Dunder attributes. It's interesting to note that there are 2 categories of __dunder__ attributes (those that start and end by "__").
- On one hand we have those like the ones we've just seen, these are Special Attributes (Metadata), that are used to store metadata: __name__, __class__, __bases__, __mro__, __dict__, __module__, __doce__, __annotations__.
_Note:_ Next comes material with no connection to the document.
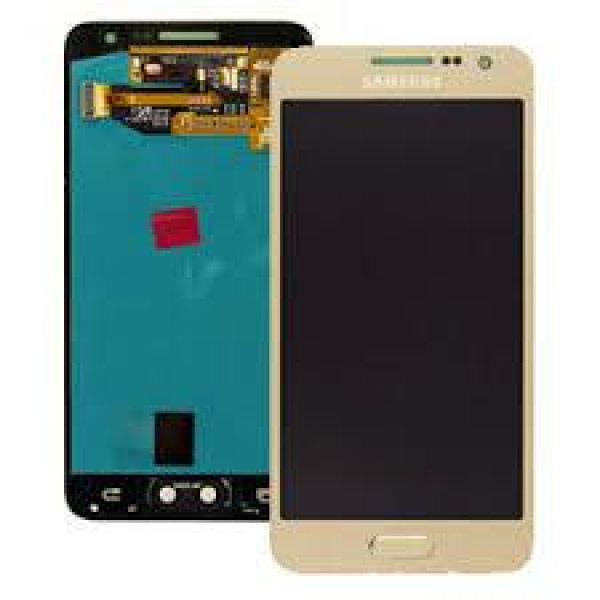 Дисплей для Samsung SM-A300H Galaxy A3 с сенсорным стеклом (Золотой) Оригинал Китай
- And on the other hand we have Special Methods (Behavioral Hooks), that are used to implement Python's syntactic sugar:

__call__: ob(), Invokation
__getitem__: ob[key]
__setitem__: ob[key] = value 
__getattr__: Fallback for missing attributes
__getattribute__: Intercepts all attribute access
__iter__, __next__: Iteration
__str__, __repr__: String representation
__eq__, __lt__, etc: Comparisons
__enter__, __exit__: Context managers
__add__, __mul__, etc: Arithmetic operations

Notice that if you access a Behavioral Hook "on your own" (I mean, you explicitly do: obj.__call__() or obj.__iter__()) the normal look up mechanism applies (using the object and its class). However, when used in the intended way (when you do obj(), or iter(obj)) the look up is done only in the class of the object (and if an object is a class it's done in its metaclass) not in the object itself.